STORY UPDATE: As of Jan. 1, the reporting threshold for business transactions processed through any cash apps is $600. An FAQ from the IRS is available here.
Beginning Jan. 1, 2022, people who use cash apps like Venmo, PayPal and Cash App are required to report income that totals more than $600 to the Internal Revenue Service.
VERIFY previously reported on the change in September, when social media users were criticizing the IRS and the Biden administration for the change, some claiming a new tax would be placed on users who use those apps to process payments.
After the change was made, a revision proposal was introduced to up the reporting threshold to $10,000 for income made via cash app, but that proposal was never passed into law.
THE QUESTION
VERIFY viewer Tina asked: "Next year will I be sent a 1099 for using money apps like Venmo or Zelle after $600 worth of money has been sent to me?”
THE SOURCES
- Steve Rosenthal, senior fellow at the Urban-Brookings Tax Policy Center at the Urban Institute
- David Super, a tax law professor at Georgetown University
- The Department of Treasury
THE ANSWER
Yes, you will receive a 1099-K form next year if you receive more than $600 on an app. This only applies for income that would normally be reported to the IRS anyway. Current tax law requires anyone to pay taxes on income over $600, regardless of where it comes from.
The taxes don’t apply to friends and family transactions, like rent payments or dinner reimbursements.
WHAT WE FOUND
The American Rescue Plan Act of 2021 modifies the IRS reporting requirement from $20,000 in aggregate payments and 200 transactions to a threshold of $600 in aggregate payments, with no minimum transaction number. The new rule went to effect on Jan. 1, 2022 and the first 1099-K forms for people who meet the lower $600 threshold will be sent in 2023.
This reporting using third-party applications, like Cash App, Venmo, or PayPal, only applies to goods and services, not personal payments, like if someone paid you back for a dinner.
An IRS explainer on the third-party transactions can be found here.
David Super, a tax law professor at Georgetown University, told VERIFY in an email: “This proposal does not change what is taxable or what is deductible. It merely seeks to achieve more honest reporting about what income is received and what deductible expenses are made.”
“If one is receiving money from a friend or family member as a gift or as a reimbursement, the effect is likely to be the same: no countable income. If, on the other hand, one is using the cash app to receive the proceeds of a business, those business receipts would need to be reported as such,” Super said.
Steve Rosenthal, a senior fellow at the Urban-Brookings Tax Policy Center at the Urban Institute, told VERIFY that Congress had been expanding information reporting for the gig economy for payments made for services using cash apps. For people using these applications, they would receive an information report and 1099-K to report any earned income.
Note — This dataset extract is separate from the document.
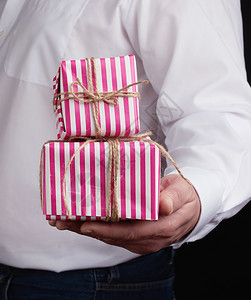 穿白衬衫的成年男子拿着粉红礼品纸箱庆祝节日周年纪念惊喜的概图片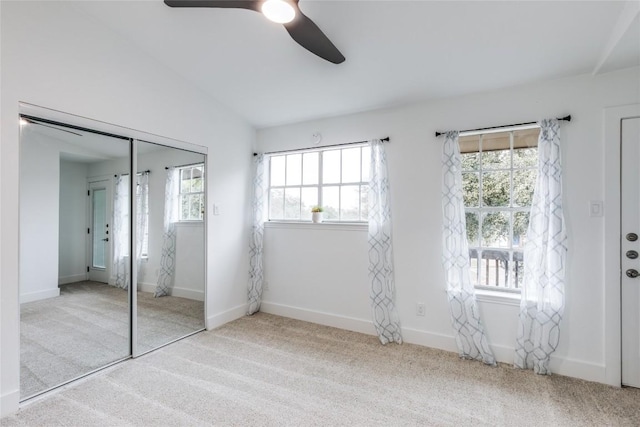 unfurnished bedroom featuring ceiling fan, light colored carpet, vaulted ceiling, and a closet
“Venmo, for instance, should give you an information report and tell the IRS, likewise, that you received a substantial amount of receipts, as well as engage in a substantial number of transactions. Next year, Congress lowered the threshold to $600. So many more people will be receiving information reports from Venmo and other cash facilities,” Rosenthal said.
“That does not mean just because you receive an information report that you have taxable income, you may not have any gains on say, a transaction that was a sale, or maybe just a personal transaction and not per se, an income producing transaction,” he added. “Like my wife often receives Venmo payments from some of her girlfriends for groceries, and she makes those payments. And so that wouldn’t result in any income. And even if my wife got such a form, she could ignore it.”
He said the IRS only audits a tiny fraction of taxpayers, and that will continue. But if someone is getting a steady stream of money through a cash app, and it looks like it’s for retail or income, then “that will make that unreported business income more visible to the IRS.”
“The primary hope is that businesses will voluntarily report their income accurately once their receipts are more openly documented,” he said.